### TO DO
When you copy the data, keep every word exactly as it is and leave the pictures out.

### INPUT DATA
=== Begin Enclosure ===

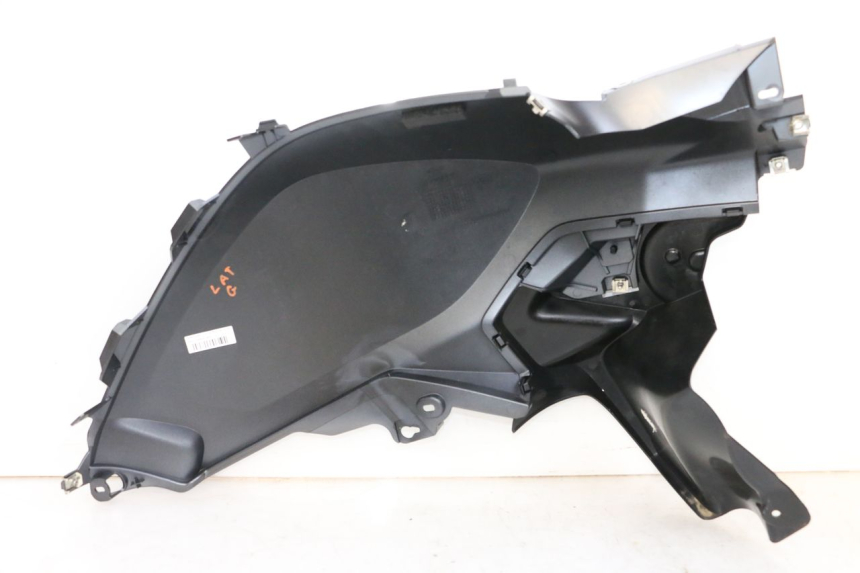 photo de TANK VERKLEIDUNG LINKS BMW R GS 1250 (2021 - 2024) - Charakteristische Merkmale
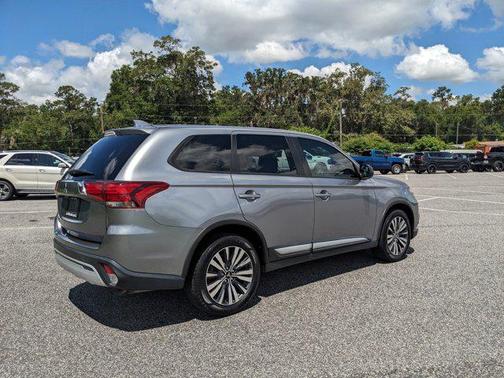 2020 Mitsubishi Outlander ES
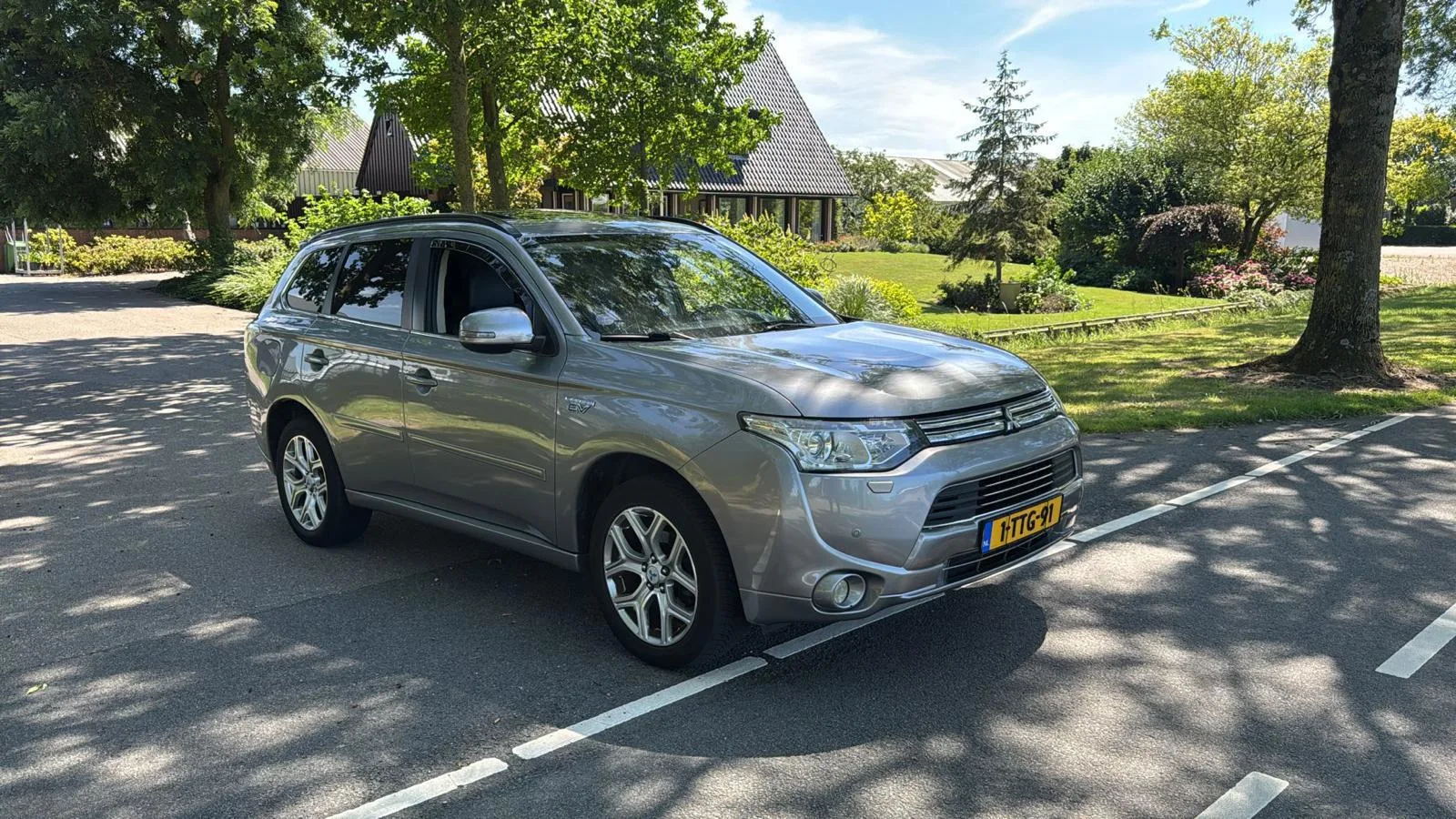 Mitsubishi Outlander (2014) — foto 1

=== End Enclosure ===

### RESULT OF THE TASK
 photo de TANK VERKLEIDUNG LINKS BMW R GS 1250 (2021 - 2024) - Charakteristische Merkmale
 2020 Mitsubishi Outlander ES
 Mitsubishi Outlander (2014) — foto 1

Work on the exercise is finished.